• **Task statement**
Set down, word for word, every line of the material below from the one containing "Brass sink code" through the one containing "गटारी नाही दीप", but none of its pictures.

• **Study material**

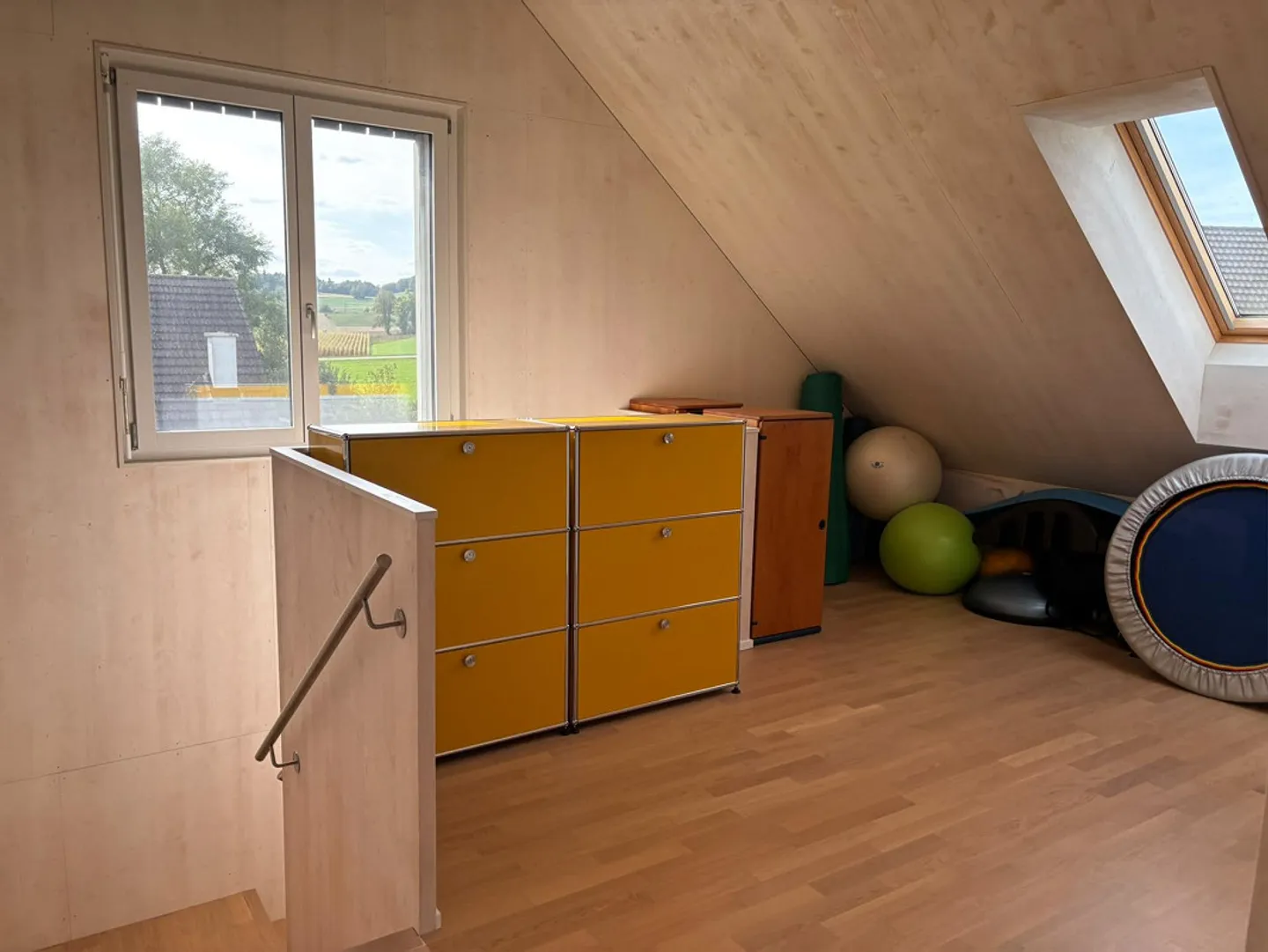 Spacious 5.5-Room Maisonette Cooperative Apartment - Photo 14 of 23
...
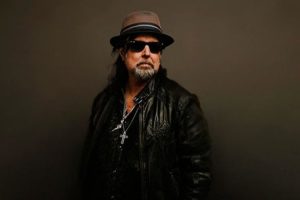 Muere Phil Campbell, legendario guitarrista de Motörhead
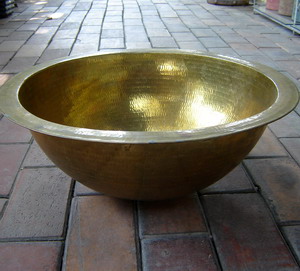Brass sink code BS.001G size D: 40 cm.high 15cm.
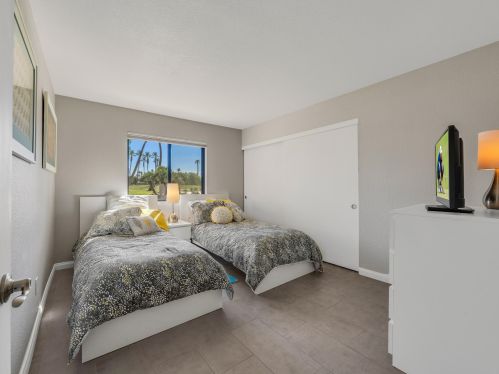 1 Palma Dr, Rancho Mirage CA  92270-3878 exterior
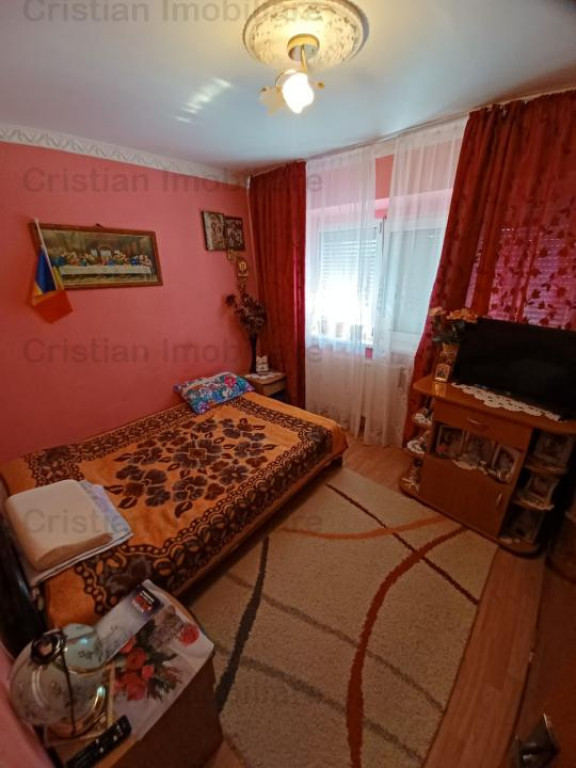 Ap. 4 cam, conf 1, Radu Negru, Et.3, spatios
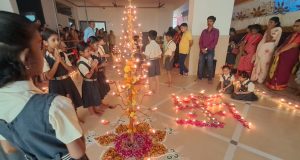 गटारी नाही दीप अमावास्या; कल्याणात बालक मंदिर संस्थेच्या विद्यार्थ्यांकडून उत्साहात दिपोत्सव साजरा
---
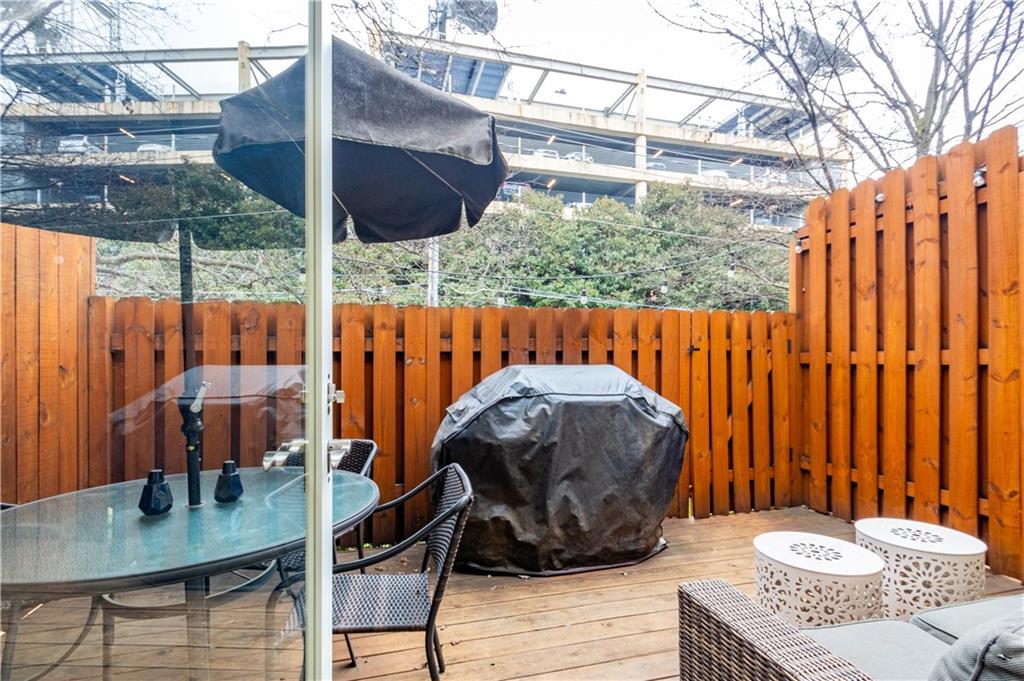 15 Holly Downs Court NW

• **Result**
Brass sink code BS.001G size D: 40 cm.high 15cm.
 1 Palma Dr, Rancho Mirage CA  92270-3878 exterior
 Ap. 4 cam, conf 1, Radu Negru, Et.3, spatios
 गटारी नाही दीप अमावास्या; कल्याणात बालक मंदिर संस्थेच्या विद्यार्थ्यांकडून उत्साहात दिपोत्सव साजरा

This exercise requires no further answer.